Please print the entries exactly, omitting each image.
START THE DATA
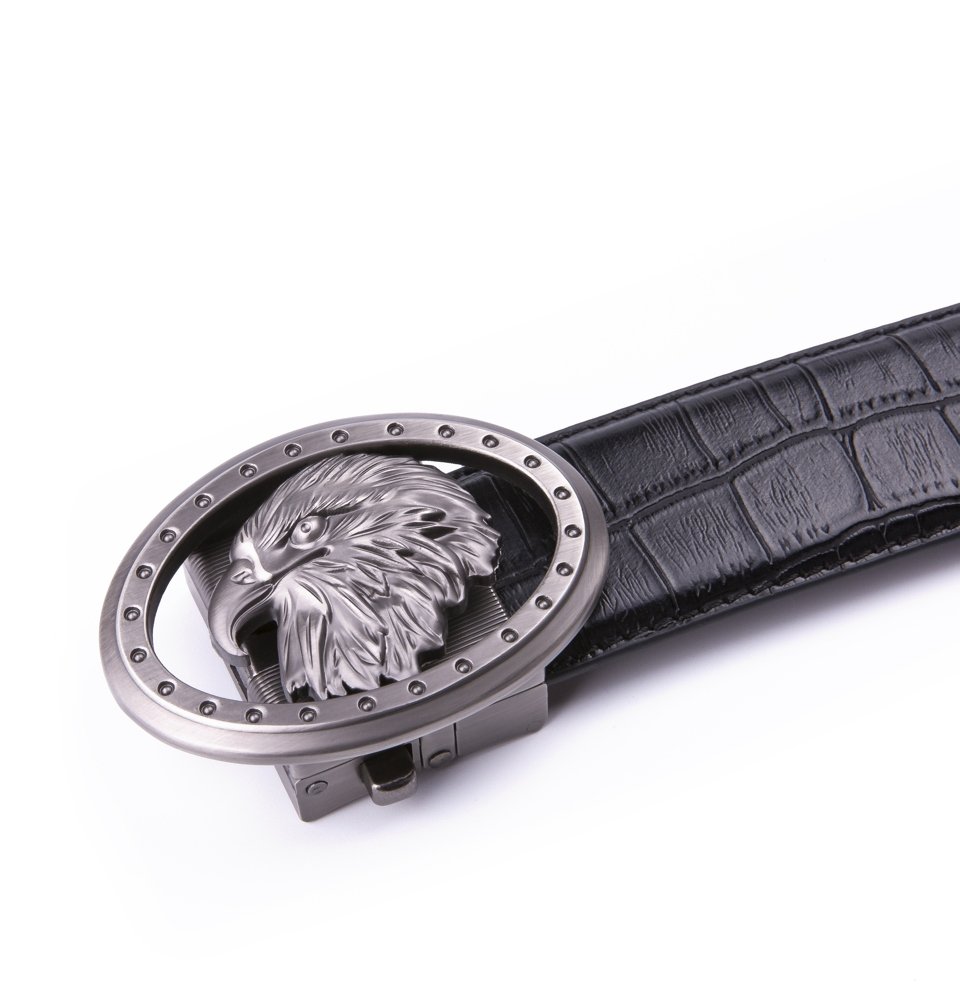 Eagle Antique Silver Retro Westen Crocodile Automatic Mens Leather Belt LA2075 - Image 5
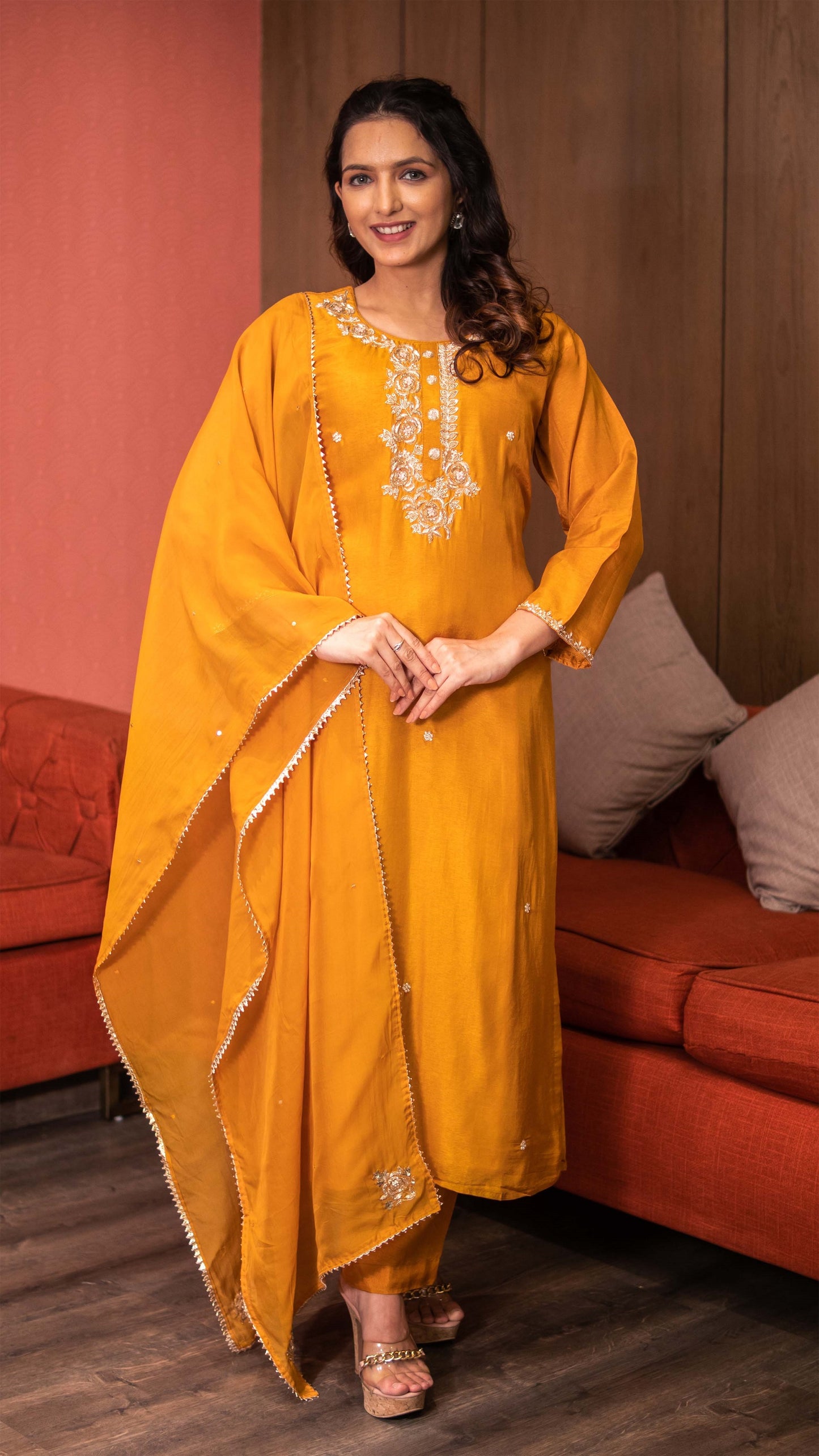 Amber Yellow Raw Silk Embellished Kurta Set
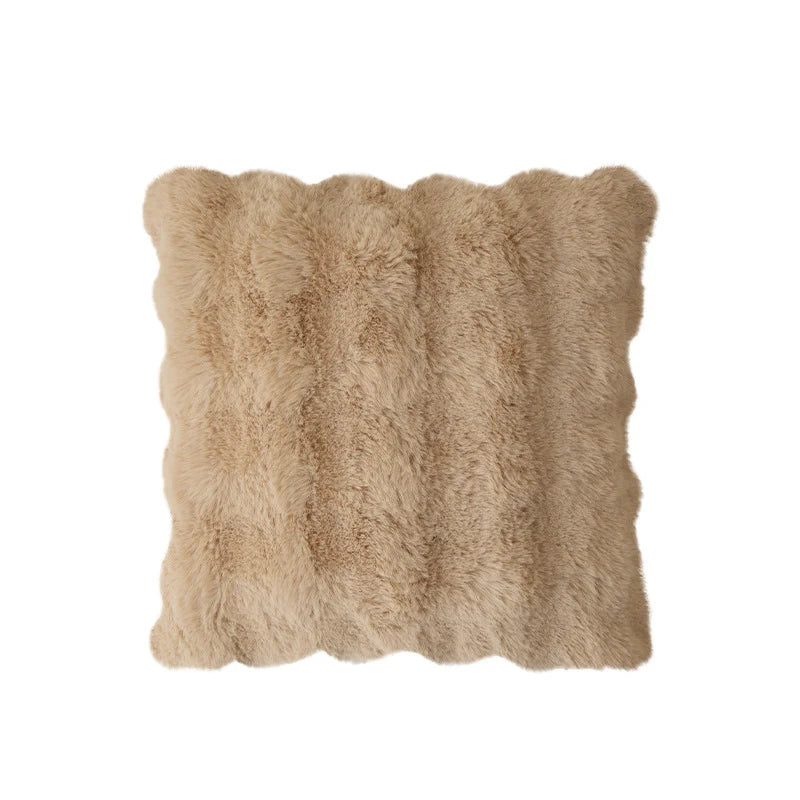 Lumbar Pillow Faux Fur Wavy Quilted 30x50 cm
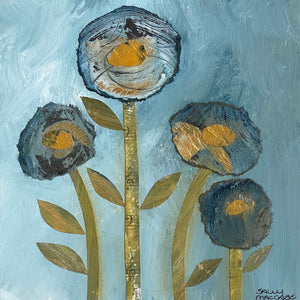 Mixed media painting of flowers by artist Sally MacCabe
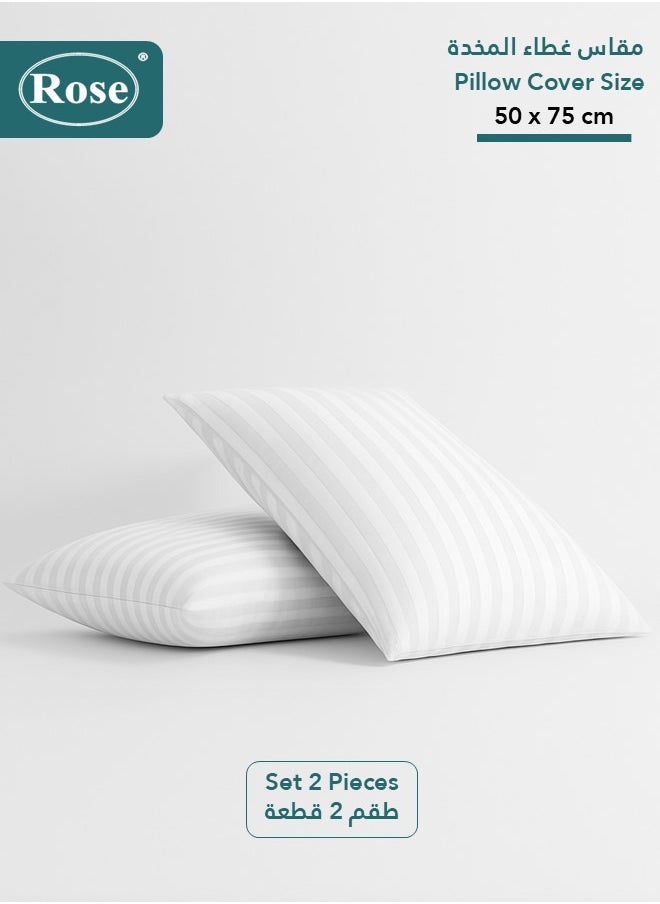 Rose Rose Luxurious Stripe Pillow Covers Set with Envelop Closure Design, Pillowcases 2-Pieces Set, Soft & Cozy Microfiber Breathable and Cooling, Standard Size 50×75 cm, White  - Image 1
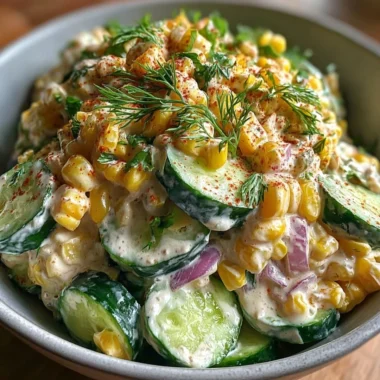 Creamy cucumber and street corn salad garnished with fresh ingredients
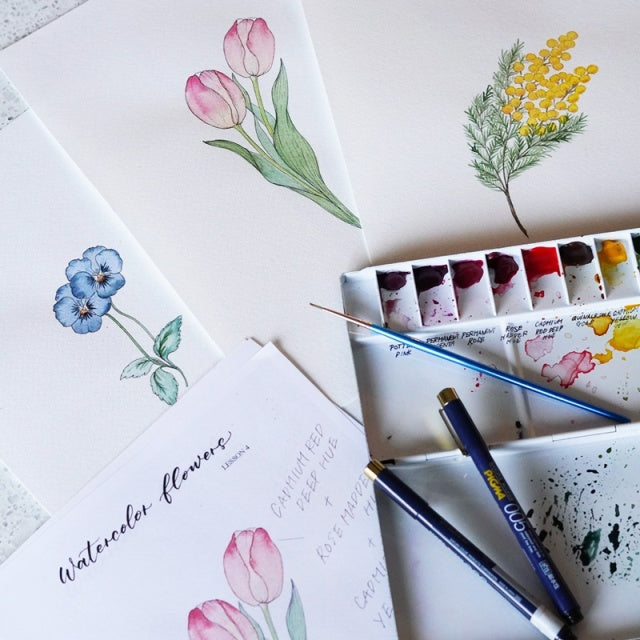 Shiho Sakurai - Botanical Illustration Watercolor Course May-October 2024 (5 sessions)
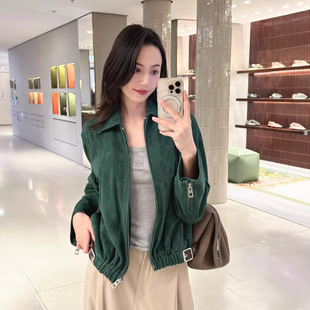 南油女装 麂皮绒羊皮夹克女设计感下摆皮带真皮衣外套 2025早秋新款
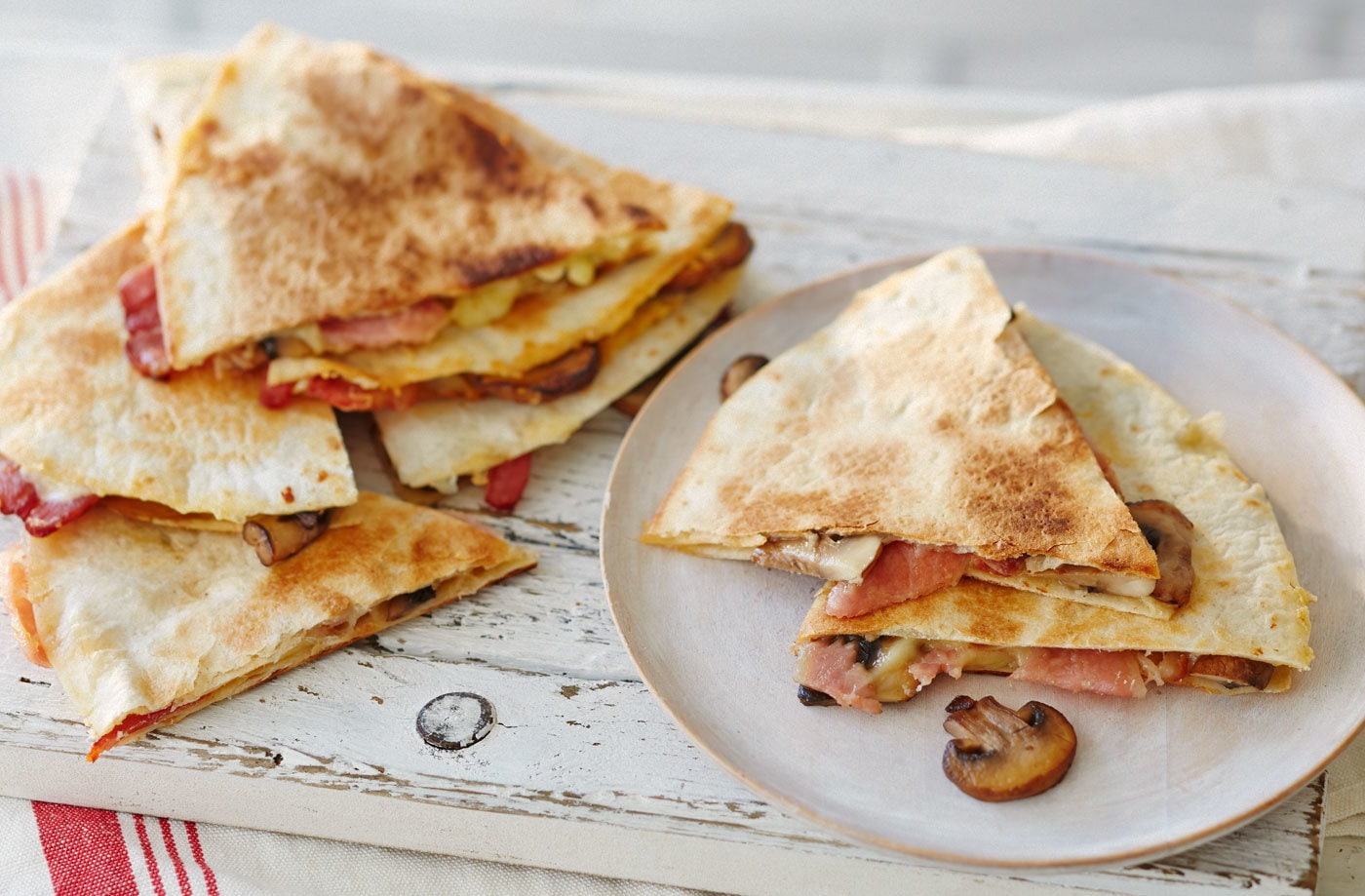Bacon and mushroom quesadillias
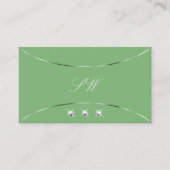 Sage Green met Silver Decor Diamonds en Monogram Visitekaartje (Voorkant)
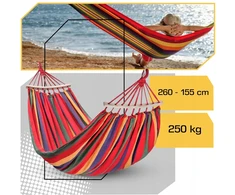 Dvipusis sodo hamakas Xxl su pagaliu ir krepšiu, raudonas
END THE DATA
▶ EXERCISE RESULT
 Eagle Antique Silver Retro Westen Crocodile Automatic Mens Leather Belt LA2075 - Image 5
 Amber Yellow Raw Silk Embellished Kurta Set
 Lumbar Pillow Faux Fur Wavy Quilted 30x50 cm
 Mixed media painting of flowers by artist Sally MacCabe
 Rose Rose Luxurious Stripe Pillow Covers Set with Envelop Closure Design, Pillowcases 2-Pieces Set, Soft & Cozy Microfiber Breathable and Cooling, Standard Size 50×75 cm, White  - Image 1
 Creamy cucumber and street corn salad garnished with fresh ingredients
 Shiho Sakurai - Botanical Illustration Watercolor Course May-October 2024 (5 sessions)
 南油女装 麂皮绒羊皮夹克女设计感下摆皮带真皮衣外套 2025早秋新款
Bacon and mushroom quesadillias
 Sage Green met Silver Decor Diamonds en Monogram Visitekaartje (Voorkant)
 Dvipusis sodo hamakas Xxl su pagaliu ir krepšiu, raudonas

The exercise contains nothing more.